Hello Ray team! I’d like to ask something about ‘Ray Client’
I want to connect between Ray Client and Ray Cluster using k8s Ingress.

But It doesn’t work. The next error message was occuerred.

ERROR:ray.util.client.server.proxier:Client connecting with no client_id

I tested with the next Ingress configuration.

apiVersion: networking.k8s.io/v1beta1
kind: Ingress
metadata:
  name: xxxx
  namespace: xxxx
  annotations:
    kubernetes.io/ingress.class: nginx-10g
    nginx.ingress.kubernetes.io/backend-protocol: "GRPC"
spec:
  rules:
    - host: example.com
      http:
        paths:
          - path: /
            backend:
              serviceName: [target ray cluster service name]
              servicePort: 10001
  tls:
    - secretName: [tls secret name]
      hosts:
        - example.com

and I tested with the next python code.

from ray.util.client.worker import Worker

worker = Worker("example.com:443", secure=True, metadata=[("client_id", "test_client")])
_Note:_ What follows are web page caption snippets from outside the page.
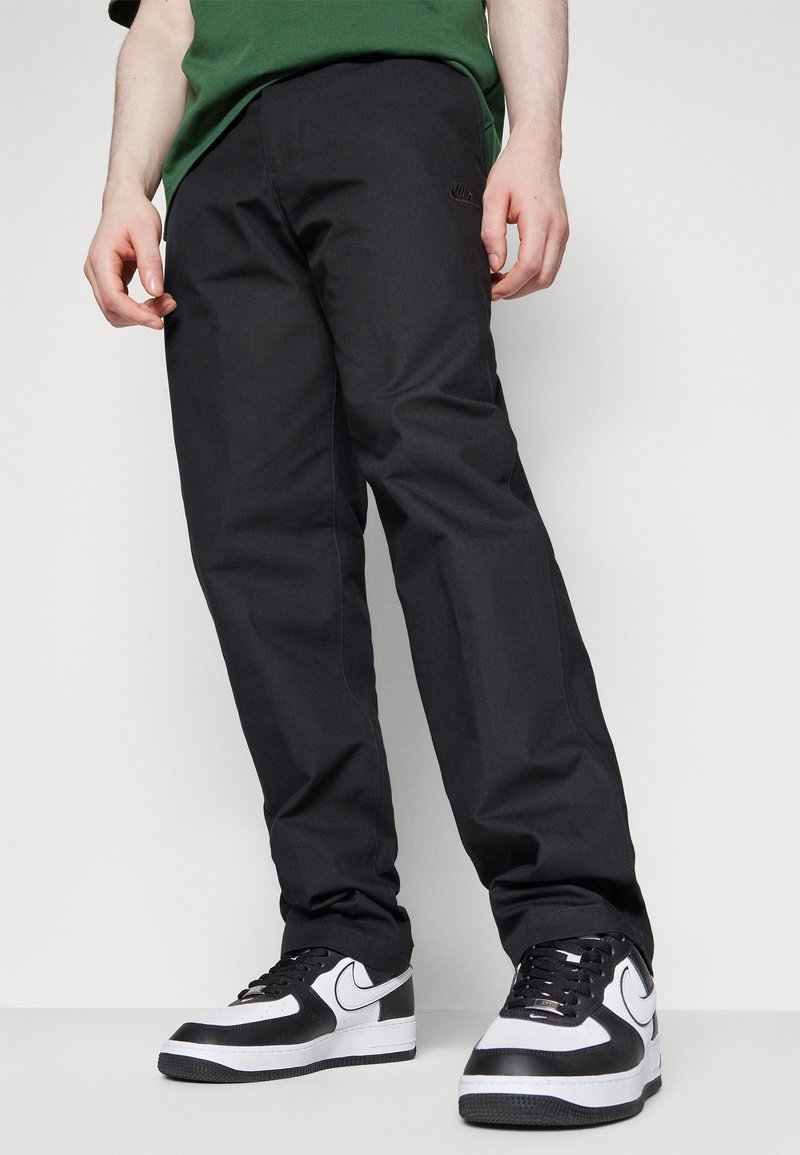Pantalons noirs avec une texture lisse et une coupe droite, associés à des baskets noir et blanc arborant des détails de swoosh distinctifs.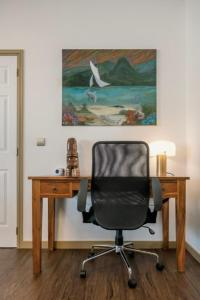 a desk with a chair in front of a painting at Grand Large - Premium suite in Papeete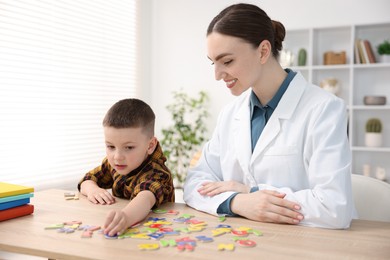 Photo of Dyslexia treatment. Pediatrician working with little boy at table indoors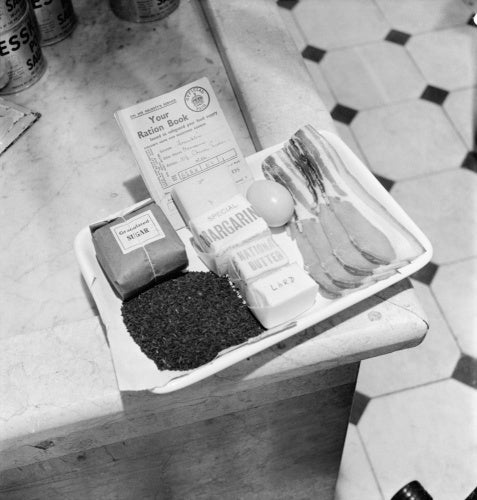 Tray containing a ration book and the weekly ration of sugar, tea, margarine, 'national butter', lard, eggs, bacon and cheese as issued to an adult in Britain during 1942.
When I tested on the local machine or using kubectl port forward, It worked well.
But it didn’t works when I tested with Ingress.

Test environment

  • ray==1.4.0
  • python==3.6
  • grpcio==1.32.0

cc @Dmitri can you address the question? K8s + ray client.

Hi @77loopin !

To make sure the problem persists with a more recent Ray version, could you
(1) Try it with Ray 1.5.1?

The issue is most likely a Ray bug and not an issue with your networking setup but
(2) have you tried using an identical ingress setup to expose other grpc (perhaps simpler) services?
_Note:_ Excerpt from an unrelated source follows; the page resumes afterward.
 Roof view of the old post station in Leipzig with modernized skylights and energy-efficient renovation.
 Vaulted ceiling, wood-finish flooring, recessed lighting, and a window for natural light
cc @ijrsvt for the ray client part of this

Hi @Dmitri :slight_smile:

(1) Yes, I tried. But It also didn’t work :frowning:

When I created a worker, as I wrote in my post, the next debug message was printed.

DEBUG:ray.util.client.worker:client gRPC channel state change: ChannelConnectivity.IDLE
DEBUG:ray.util.client.worker:client gRPC channel state change: ChannelConnectivity.CONNECTING
DEBUG:ray.util.client.worker:client gRPC channel state change: ChannelConnectivity.READY
DEBUG:ray.util.client.worker:Pinging server.

It works the PING test using ray.rpc.RayletDriver/ClusterInfo. But other grpc functions doesn’t work because there is no client id.

(2) Yes, other grpc services works well.

Hi @Dmitri

I resolved this issue.

According to configuration of ingress, Ingress Controller remove the invalid header on gRPC protocol. So they remove the ‘client_id’ header in the request which is sent from Ray Client.
I found the solution to resolve this issue here.

I resolved by adding the following Ingress annotation.

metadata:
  annotations:
    nginx.ingress.kubernetes.io/server-snippet: |
      underscores_in_headers on;
      ignore_invalid_headers on;

I think it’d better to add the guide this issue on Ray Client guide.
I sent the PR adding the Ray Client guide. ([RayClient] Add the guide for k8s Ingress by 77loopin · Pull Request #17736 · ray-project/ray · GitHub)